▸ **What you should do**
Once the line containing "FFT RETRO ALBOM" is found in the data below, repeat it and every later line exactly, leaving the pictures out.

▸ **Supplied information**
——————

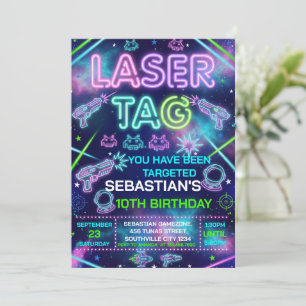 Invitación Fiesta de Cumpleaños con Laser Tag y Arcade Neon G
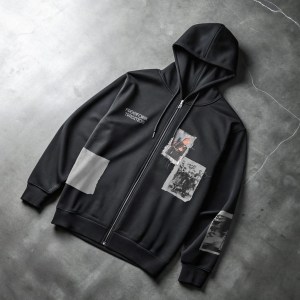 FFT RETRO ALBOM ZIP-UP HOODIE WITH PATCHES BLACK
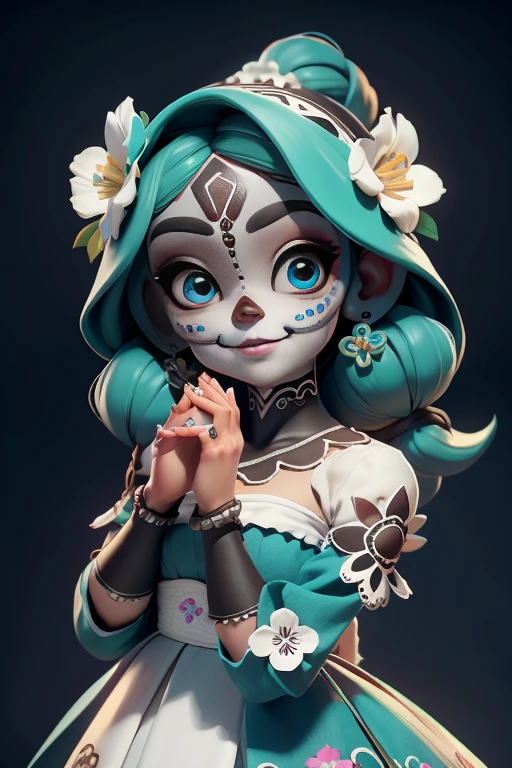 master part, best quality, Rosto detalhado, Olhos bonitos, , detailed hands, uma sorrindo com (sugar skull makeup), Mexican Indigenous Dress, Flowers headband, segurando uma vela do altar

——————

▸ **Written reply**
 FFT RETRO ALBOM ZIP-UP HOODIE WITH PATCHES BLACK
 master part, best quality, Rosto detalhado, Olhos bonitos, , detailed hands, uma sorrindo com (sugar skull makeup), Mexican Indigenous Dress, Flowers headband, segurando uma vela do altar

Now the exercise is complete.